*Exercise requirements*: Please repeat the lines below exactly. Begin with the line containing "Wet look black" and go on through the line containing "cimetech Wired Number".

*Exercise data*:

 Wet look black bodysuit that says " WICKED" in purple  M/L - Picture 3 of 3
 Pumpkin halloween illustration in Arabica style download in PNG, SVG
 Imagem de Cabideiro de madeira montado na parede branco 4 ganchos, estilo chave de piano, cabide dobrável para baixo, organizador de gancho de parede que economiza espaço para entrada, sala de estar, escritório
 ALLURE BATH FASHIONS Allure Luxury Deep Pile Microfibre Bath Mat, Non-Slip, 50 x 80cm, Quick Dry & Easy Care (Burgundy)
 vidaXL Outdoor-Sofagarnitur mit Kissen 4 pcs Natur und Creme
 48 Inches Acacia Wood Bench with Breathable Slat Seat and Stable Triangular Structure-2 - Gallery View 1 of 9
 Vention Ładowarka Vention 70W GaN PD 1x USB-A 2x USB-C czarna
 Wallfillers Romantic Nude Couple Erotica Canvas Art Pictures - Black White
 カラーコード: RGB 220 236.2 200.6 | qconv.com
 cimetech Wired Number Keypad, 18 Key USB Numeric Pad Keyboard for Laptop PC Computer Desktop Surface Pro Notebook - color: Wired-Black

...

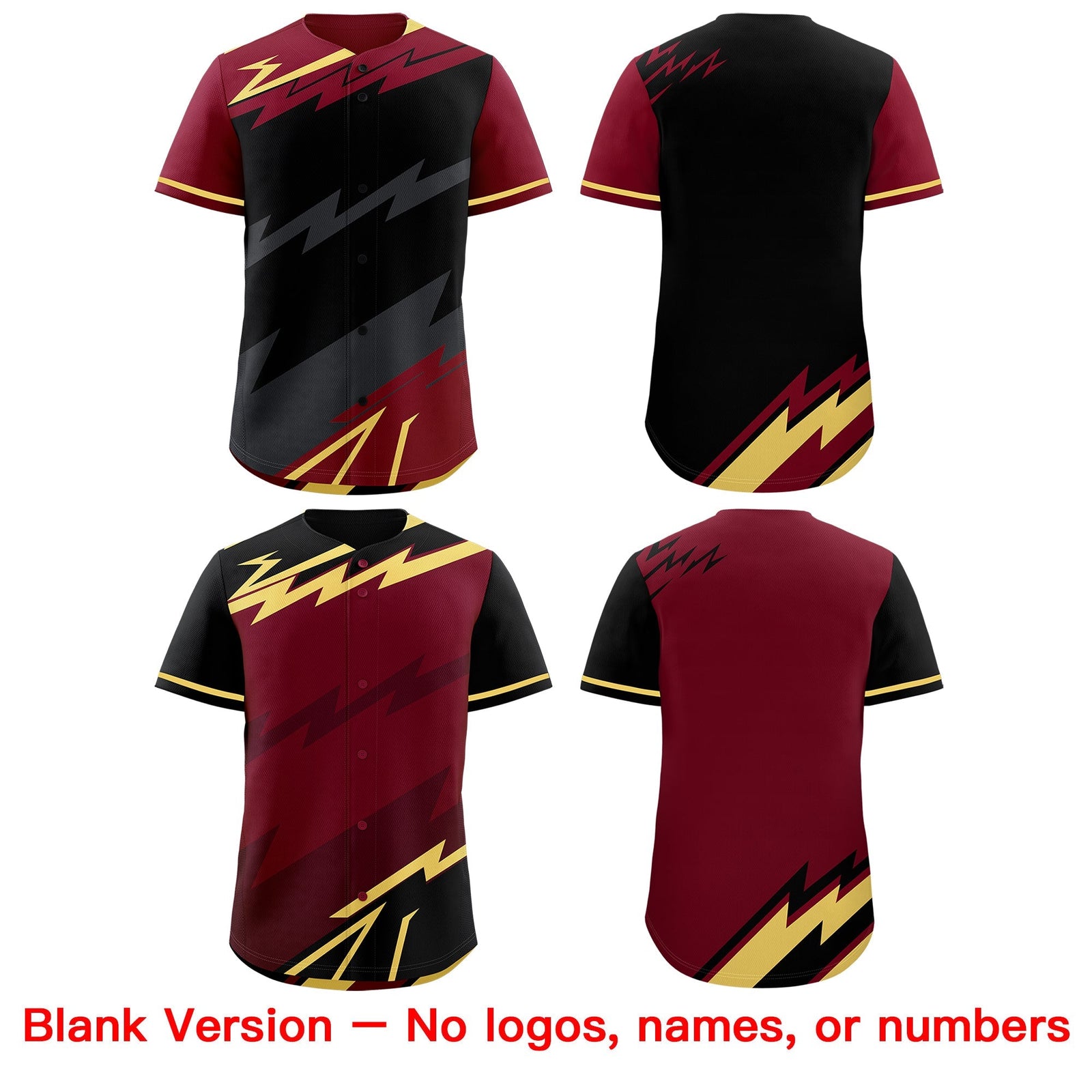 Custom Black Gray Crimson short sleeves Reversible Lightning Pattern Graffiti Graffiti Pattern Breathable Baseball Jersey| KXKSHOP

*Answer to the problem*:
 Wet look black bodysuit that says " WICKED" in purple  M/L - Picture 3 of 3
 Pumpkin halloween illustration in Arabica style download in PNG, SVG
 Imagem de Cabideiro de madeira montado na parede branco 4 ganchos, estilo chave de piano, cabide dobrável para baixo, organizador de gancho de parede que economiza espaço para entrada, sala de estar, escritório
 ALLURE BATH FASHIONS Allure Luxury Deep Pile Microfibre Bath Mat, Non-Slip, 50 x 80cm, Quick Dry & Easy Care (Burgundy)
 vidaXL Outdoor-Sofagarnitur mit Kissen 4 pcs Natur und Creme
 48 Inches Acacia Wood Bench with Breathable Slat Seat and Stable Triangular Structure-2 - Gallery View 1 of 9
 Vention Ładowarka Vention 70W GaN PD 1x USB-A 2x USB-C czarna
 Wallfillers Romantic Nude Couple Erotica Canvas Art Pictures - Black White
 カラーコード: RGB 220 236.2 200.6 | qconv.com
 cimetech Wired Number Keypad, 18 Key USB Numeric Pad Keyboard for Laptop PC Computer Desktop Surface Pro Notebook - color: Wired-Black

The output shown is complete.